Ty sighed and looked up at his father, who was standing aside and watching with a frown. He met his dad’s eyes and gave a weak smile. They both knew how bad this could turn.

Zane picked up the mold he’d made and held it out. “All right, into the splint,” he said.

Ty placed his hand into it, wincing as his palm settled. Deuce waited until Ty gave him a nod; then he began anchoring the splint to Ty’s arm with an Ace bandage from the first aid kit.

“I gotcha a sling, here,” Earl announced as he held up what had once been Deuce’s spare pack. “Might be better off without it,” he advised.

Ty shook his head. He needed to keep it up more than he needed that hand to walk. “Let me have the damn thing,” he muttered as he pulled his hand away from Zane and stood slowly. He’d found if he rose too quickly, his head would swim and his vision would blur. He pulled the straps of the mangled backpack close to his body, essentially tying his arm to his chest. It would fuck with his balance and probably end up making him fall on his face, but it was better than the alternative. When he’d adjusted it, he flopped his good hand to his side and looked around at the others. “Let’s divvy up the shit and get going,” he suggested.
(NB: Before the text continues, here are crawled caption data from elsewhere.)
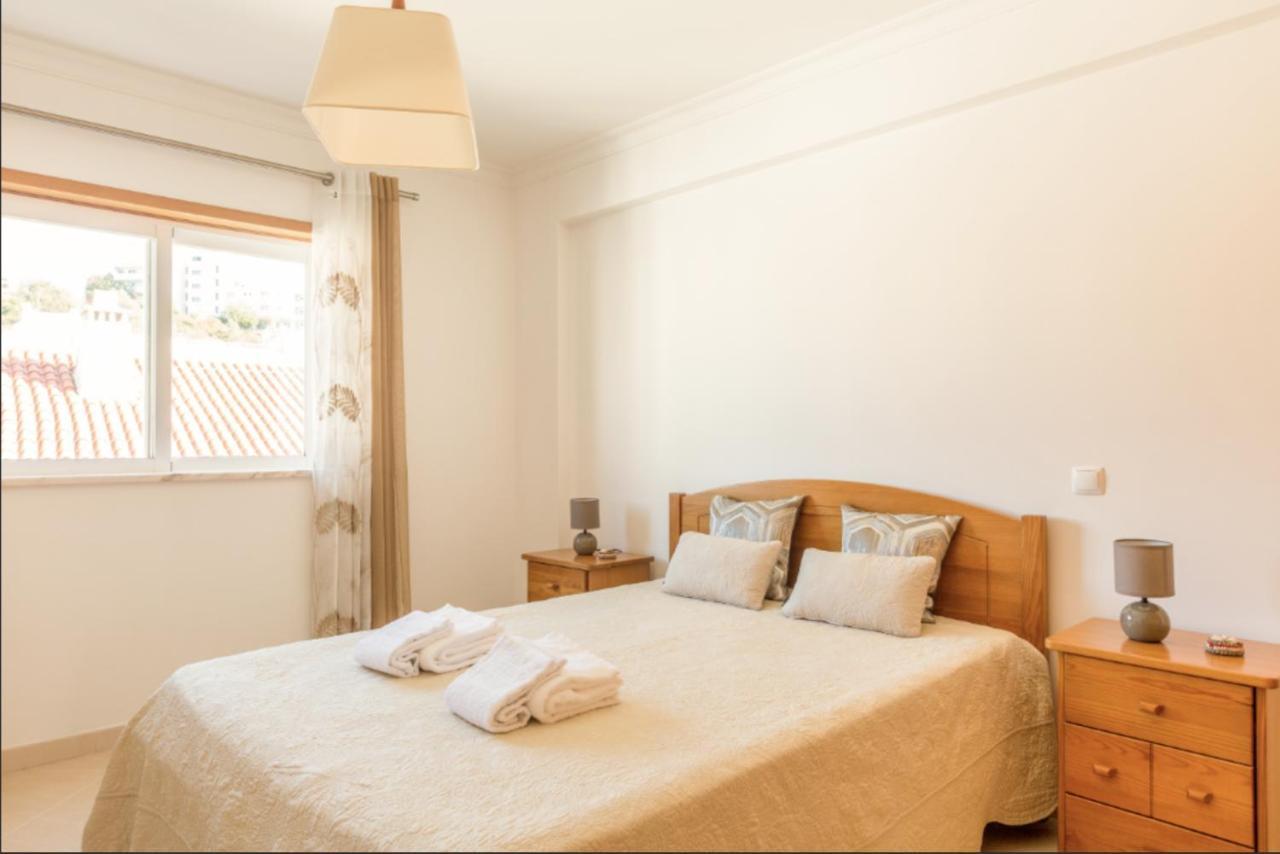 Albufeira Old Town Two Bedroom Apartment Center Exterior foto
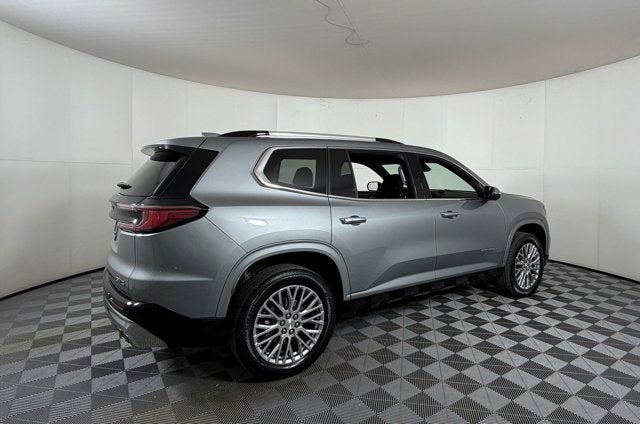 2025 GMC Acadia FWD Denali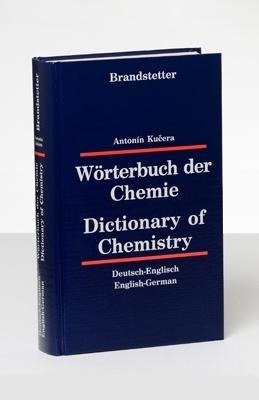 Chemie-Wörterbuch
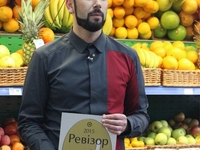 Стало известно имя нового ведущего программы Ревизор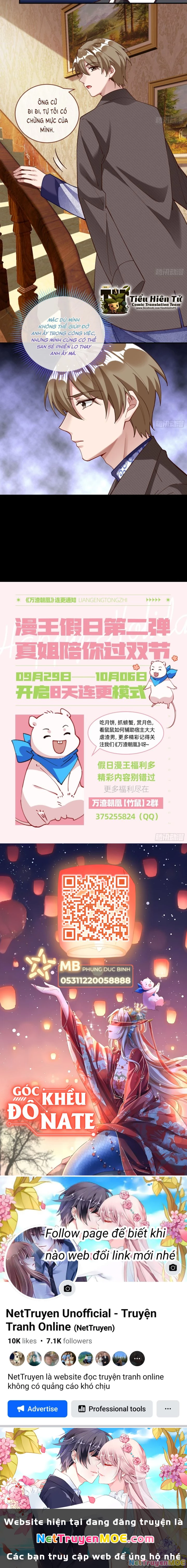 Vạn Tra Triêu Hoàng Chapter 690 - 10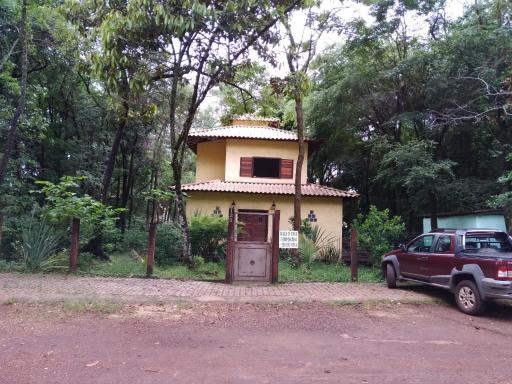 Casa aconchegante nas montanhas de Casa Branca - Housity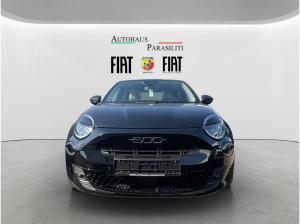 Fiat 600 1.2 Hybrid T3 81 kW DCT BUSINESS EDITION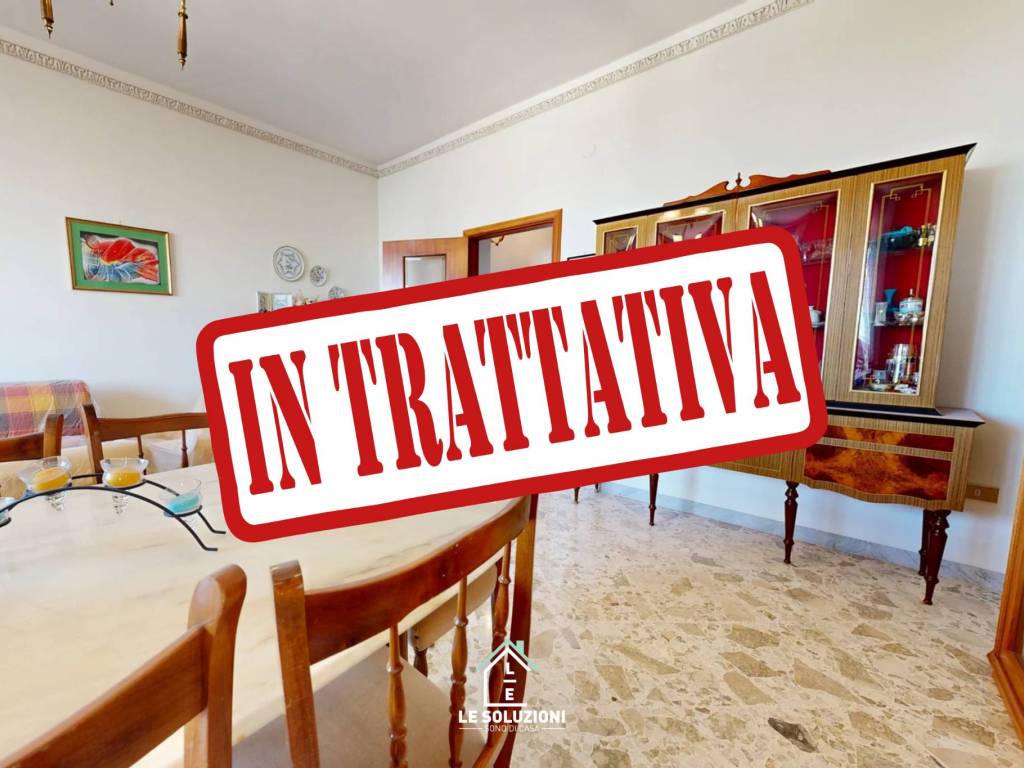 appartamento in vendita a Putignano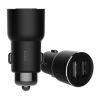 АВТОМОБИЛЬНАЯ ЗАРЯДКА MI CAR CHARGER ROIDMI 3S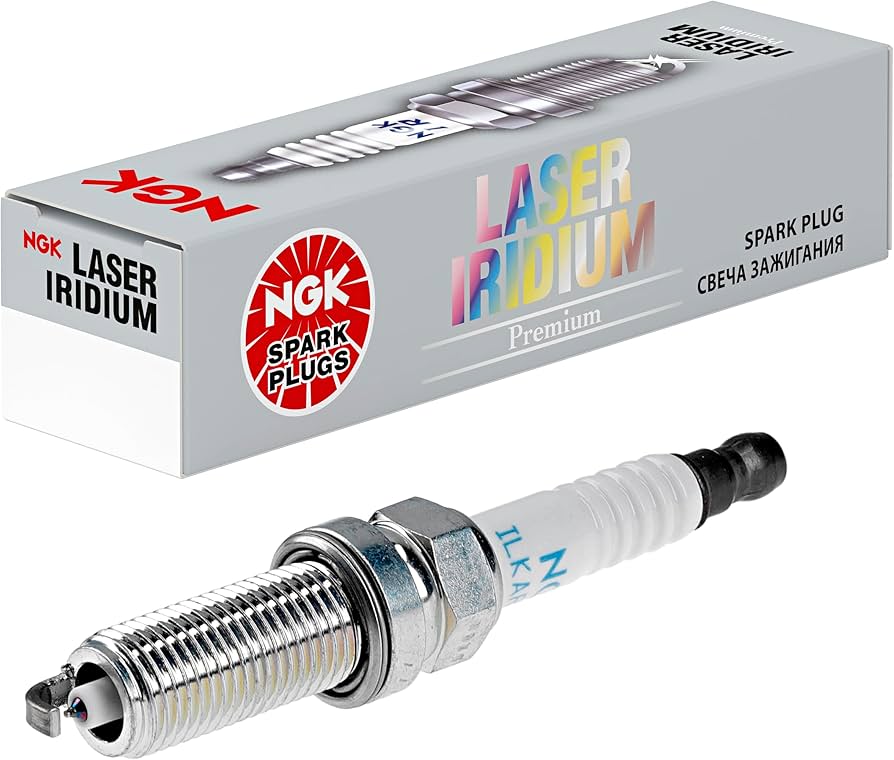 NGK レーザーイリジウム スパークプラグ ILKAR7J7G 4個入り　ルノー NGK レーザーイリジウム スパークプラグ ILKAR7J7G 4個入り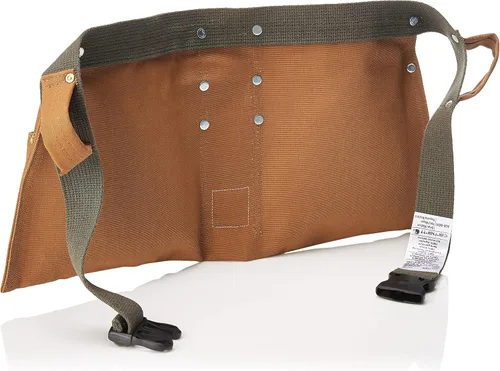 Vista 2 de Carhartt mens Firm Duck Half Apron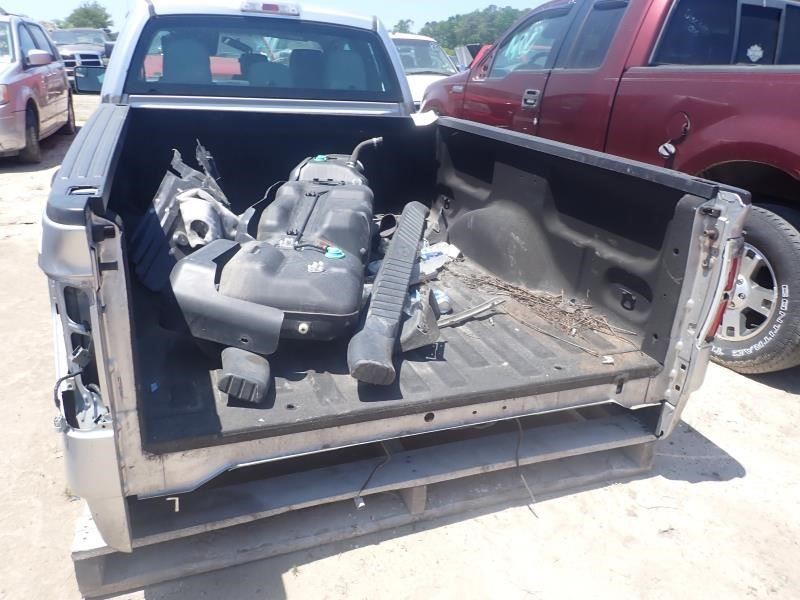 Transfer Case Electronic Shift Fits 09-11 FORD F150 PICKUP 1046370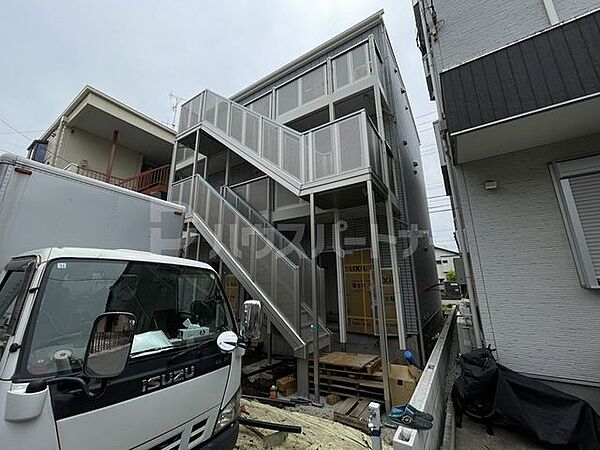 外観画像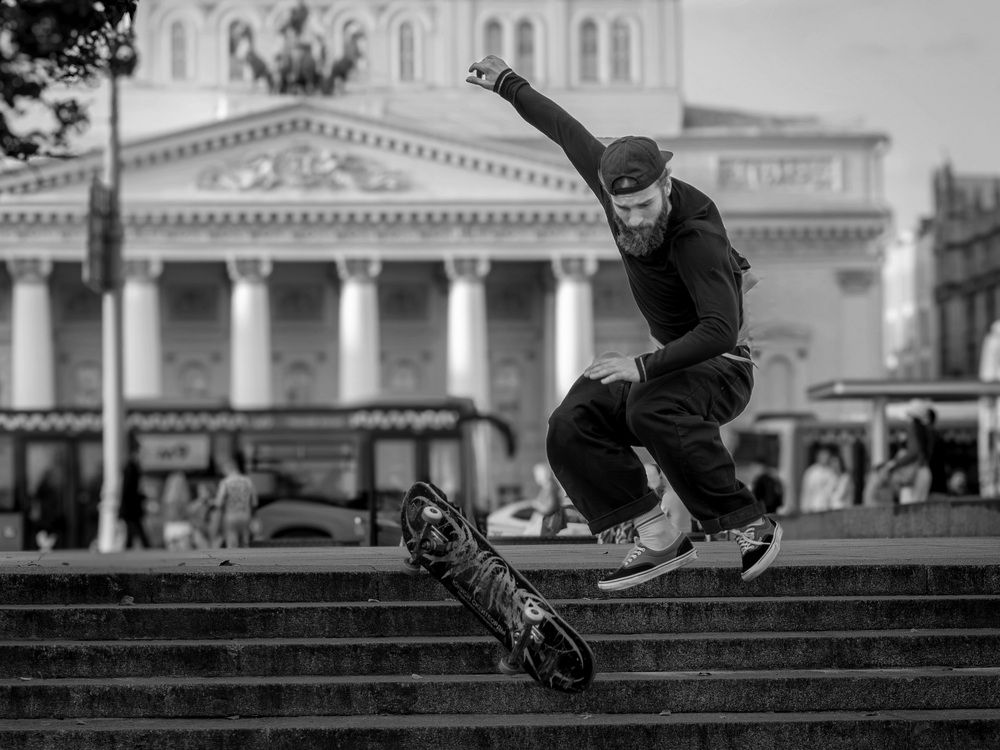 Photograph by Вострецов Александр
As Earl and Deuce picked through the rest of the supplies spilled on the ground, Zane stood slowly, only a couple feet from Ty, keeping his eyes on him the whole time. He took a step closer and reached out to untwist one of the straps and tie it more securely. “There you go,” he murmured.

Ty found it difficult to meet his eyes as he thought about a similar action Zane had taken in a New York hotel room almost a year ago. Now, just as then, his heart beat a little faster because of it. But he nodded in thanks and smiled as he tried to fight back the hint of warmth it caused.
I love you
. The thought had haunted him all night, almost as much as the sound of the cougar’s scream.

Zane’s fingers lingered where Ty’s T-shirt met his neck, pressing against the warm skin for just a few moments longer than necessary. “Come on. There’s beer and apple pie waiting,” he said.

“Can’t wait,” Ty muttered. He reached out and socked Zane in the stomach as soon as the other two men had turned away and started off down the trail.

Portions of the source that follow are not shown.